Dataset excerpts:
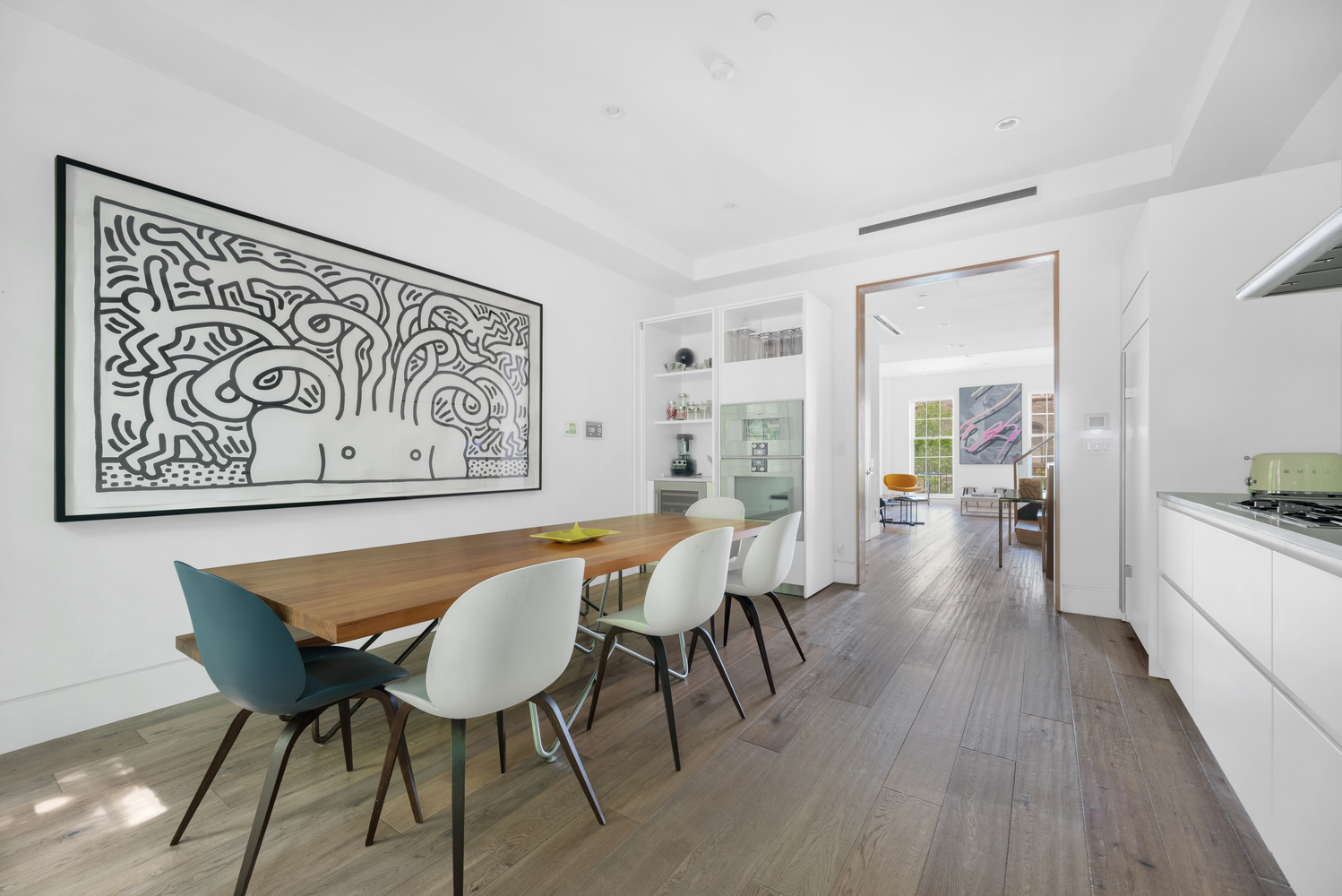 440 West 20th Street Manhattan, NY 10011 - Photo 2 of 35 a view of a dining room with furniture and wooden floor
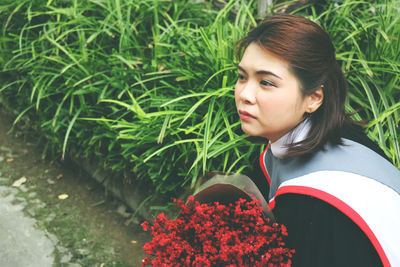 Young woman wearing graduation gown with bouquet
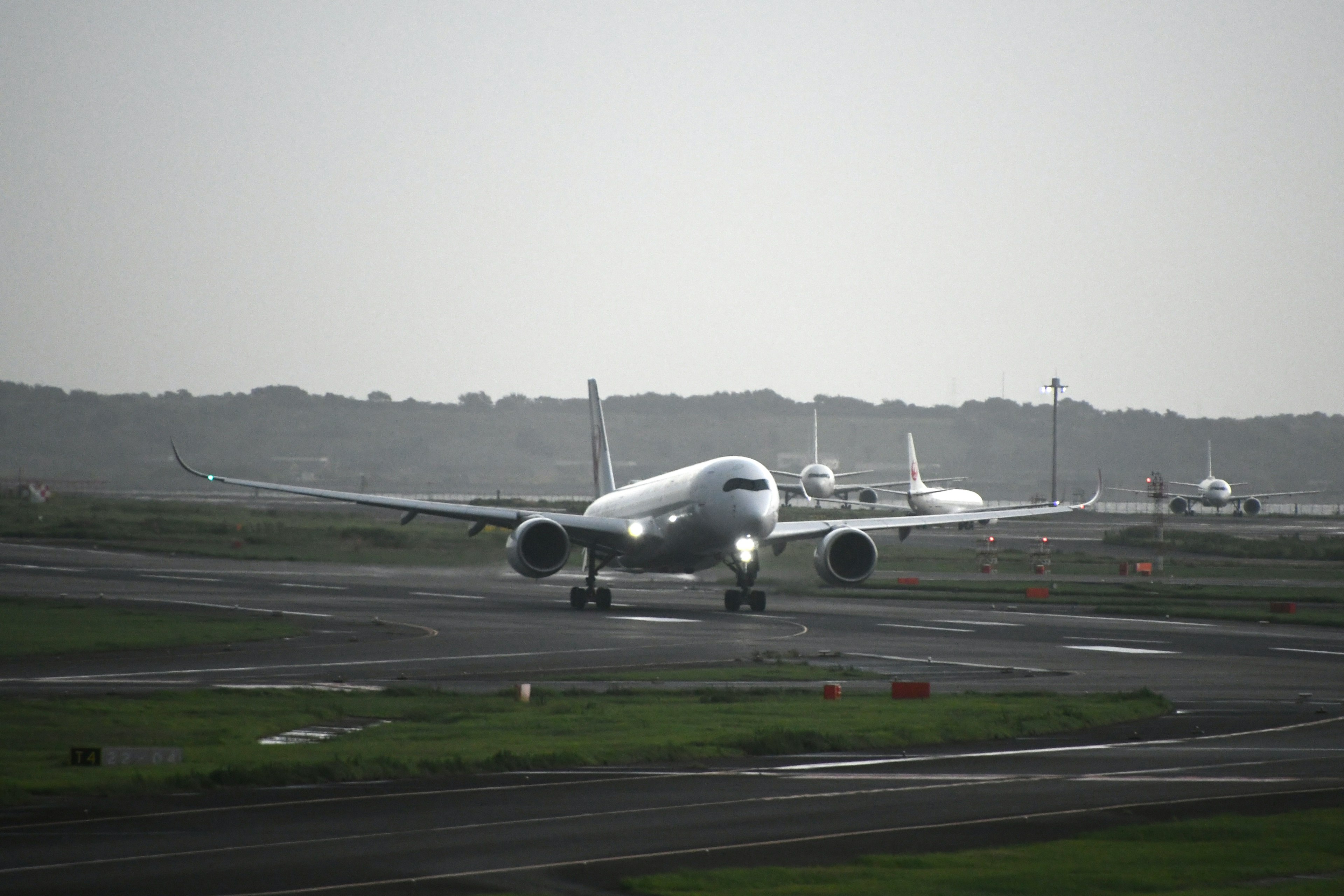 滑走路を走行する航空機と背景に他の航空機を示す風景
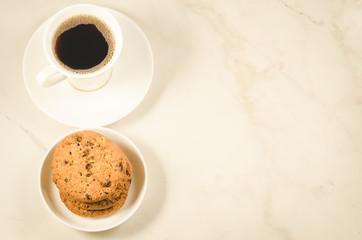 coffee cup and cookies/coffee cup and cookies on a marble background, top view and copy space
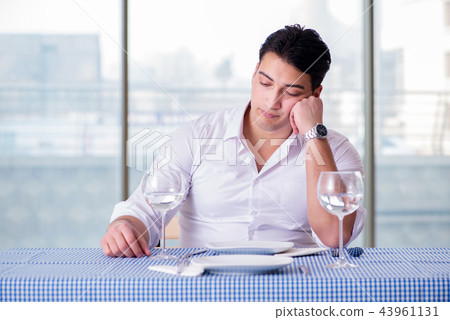 Handsome man alone in restaraunt on date 43961131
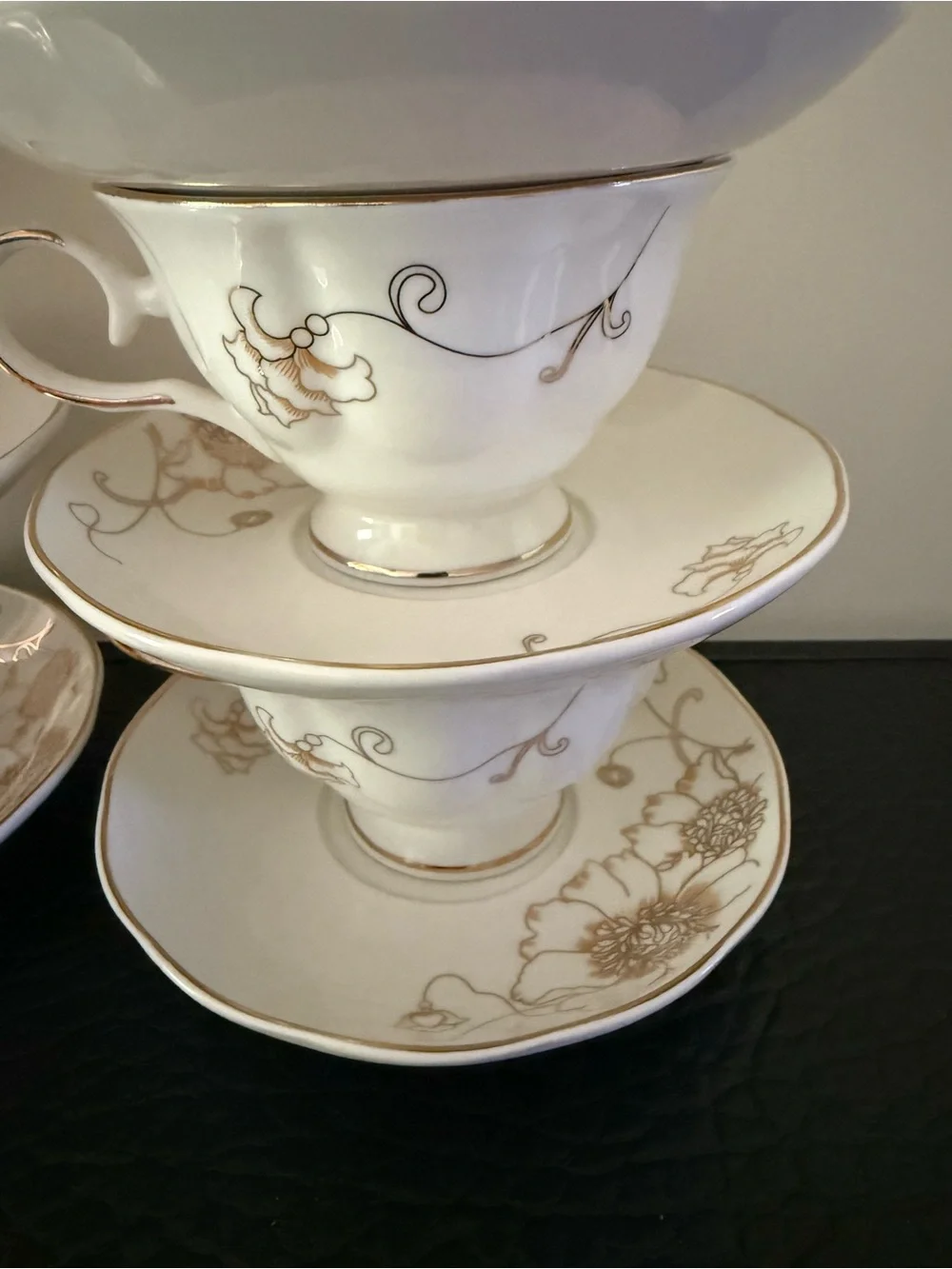Set Of 6 cup and saucer feature the gold overglaze monogram White porcelain body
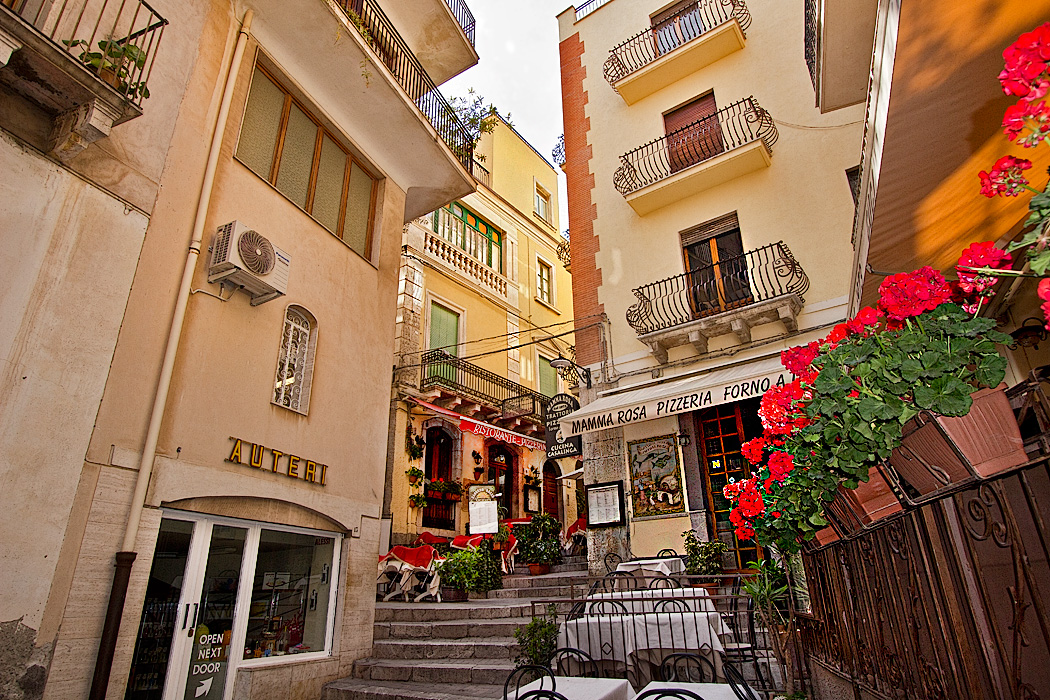 Stairways climb past exquisite shops and residences in Taormina, Sicily, Italy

Assignment: Would you transcribe all of the entries above exactly, minus the images?

Task output:
 440 West 20th Street Manhattan, NY 10011 - Photo 2 of 35 a view of a dining room with furniture and wooden floor
 Young woman wearing graduation gown with bouquet
 滑走路を走行する航空機と背景に他の航空機を示す風景
 coffee cup and cookies/coffee cup and cookies on a marble background, top view and copy space
 Handsome man alone in restaraunt on date 43961131
Set Of 6 cup and saucer feature the gold overglaze monogram White porcelain body
 Stairways climb past exquisite shops and residences in Taormina, Sicily, Italy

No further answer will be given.